> [RECORDS PROVIDED]
· · ·

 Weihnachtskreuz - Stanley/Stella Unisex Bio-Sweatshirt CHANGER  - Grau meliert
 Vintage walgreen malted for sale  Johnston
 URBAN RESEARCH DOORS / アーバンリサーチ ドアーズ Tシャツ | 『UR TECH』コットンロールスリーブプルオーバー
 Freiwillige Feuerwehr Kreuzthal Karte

· · ·

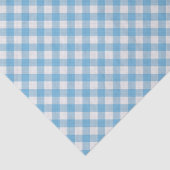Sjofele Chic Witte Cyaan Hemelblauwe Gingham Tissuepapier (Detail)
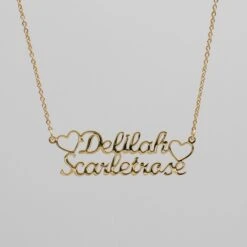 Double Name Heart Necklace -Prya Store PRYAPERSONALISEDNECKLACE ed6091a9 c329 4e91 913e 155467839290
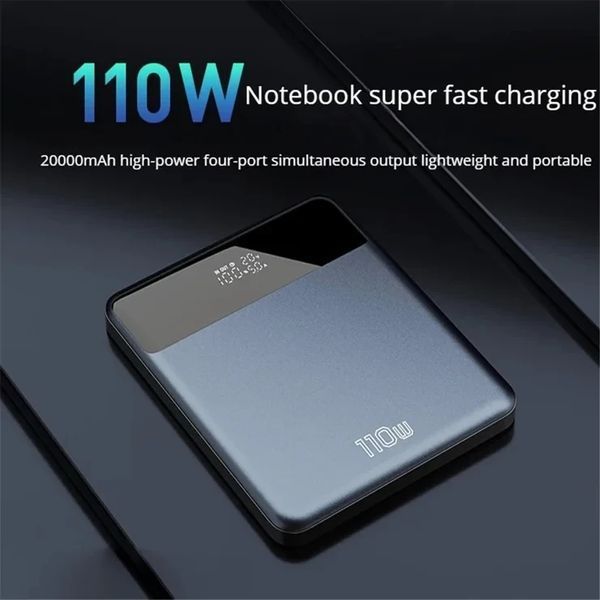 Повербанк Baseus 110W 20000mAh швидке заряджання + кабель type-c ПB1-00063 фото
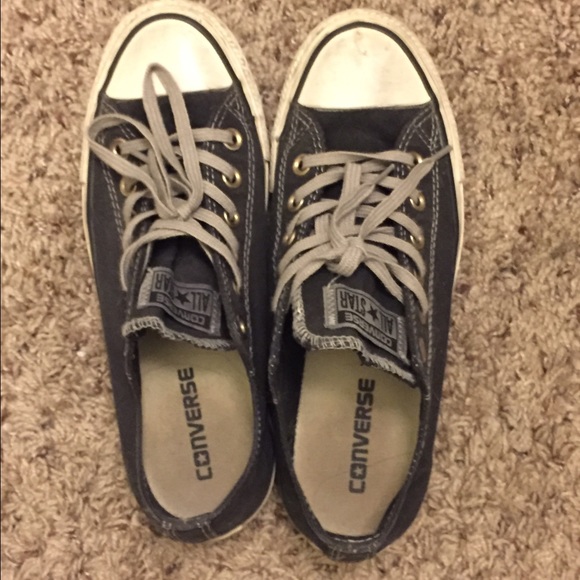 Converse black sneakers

· · ·

> [PROBLEM DESCRIPTION]
Whatever pictures the records hold, omit them; give again exactly the lines from the one containing "Повербанк Baseus 110W" through the one containing "Converse black sneakers".

> [YOUR RESPONSE]
 Повербанк Baseus 110W 20000mAh швидке заряджання + кабель type-c ПB1-00063 фото
 Converse black sneakers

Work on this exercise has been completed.